Murky brown water also gushed through streets, sweeping away large waste containers and forcing vehicles to advance at a crawl.
The Balearic Islands’ regional Government reported 179 incidents on Ibiza and six on Formentera, most related to flooding on ground floors, roads, falling trees and urban material, as well as the risk of rivers overflowing.
Regional authorities said three people were lightly injured in a landslip near a hotel but confirmed no serious injuries or deaths.
The Spanish Army’s emergencies unit deployed with reinforcements from the neighbouring island of Mallorca and the mainland to help pump water from buildings and clear roads, some of which remained cut off.
Painful memories
Emergency services on Ibiza and Formentera had sent a mass telephone alert to warn residents, suspending all classes and shutting beaches.
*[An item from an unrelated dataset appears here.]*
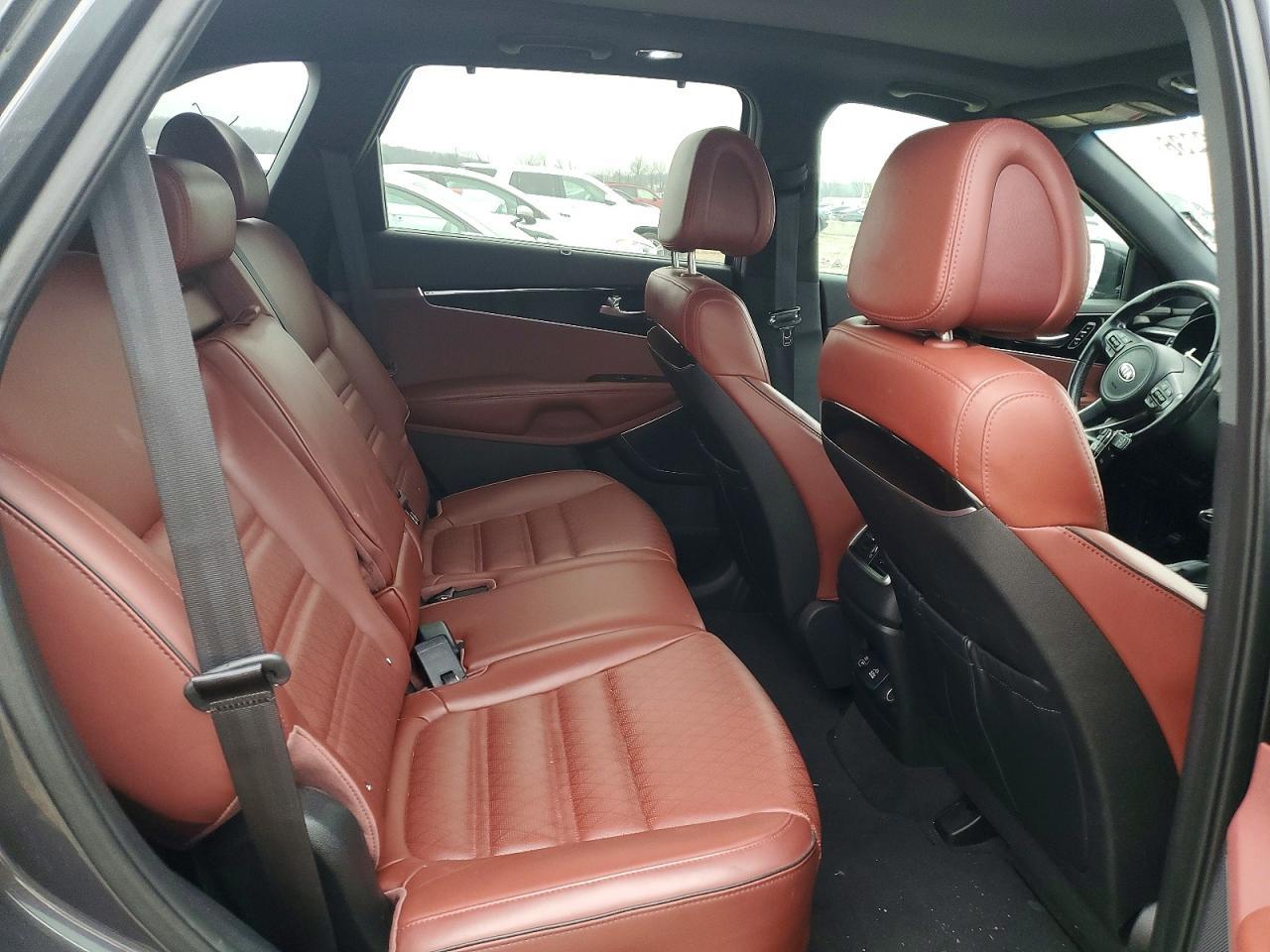 2016 KIA SORENTO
All education centres would remain shut in Ibiza town tomorrow, the regional authorities announced, saying normality would return on Friday after a full revision of all school buildings.
Aemet lifted all weather warnings for Ibiza and Formentera by the evening after earlier declaring the highest red alert.
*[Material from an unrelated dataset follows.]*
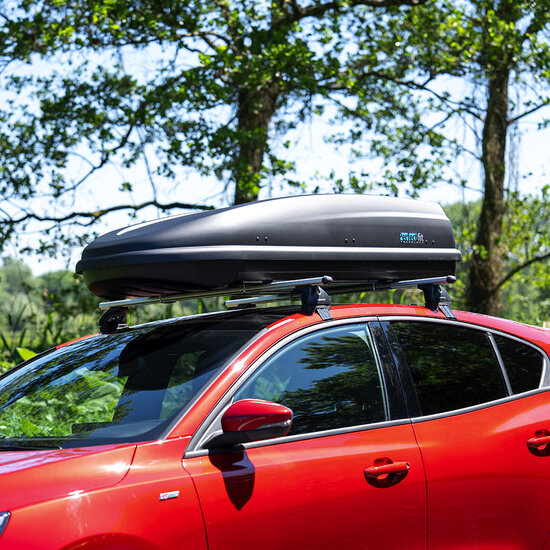 Dakkoffer 440 liter Perfect Fit travelbox Mat zwart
Prime Minister Pedro Sanchez expressed his concern on X, urging people to “exercise caution and follow information from official channels”.
A red alert yesterday forced schools to shut for more than half a million pupils in the Valencia region, reviving painful memories of last year’s floods.
Scientists say human-driven climate change is intensifying extreme weather events such as the heavy rainfall that triggers floods, with a warmer atmosphere capable of holding more water.
Oceans have absorbed 90% of the excess heat produced by human activity since the industrial age, according to scientists, causing the Mediterranean Sea to warm rapidly.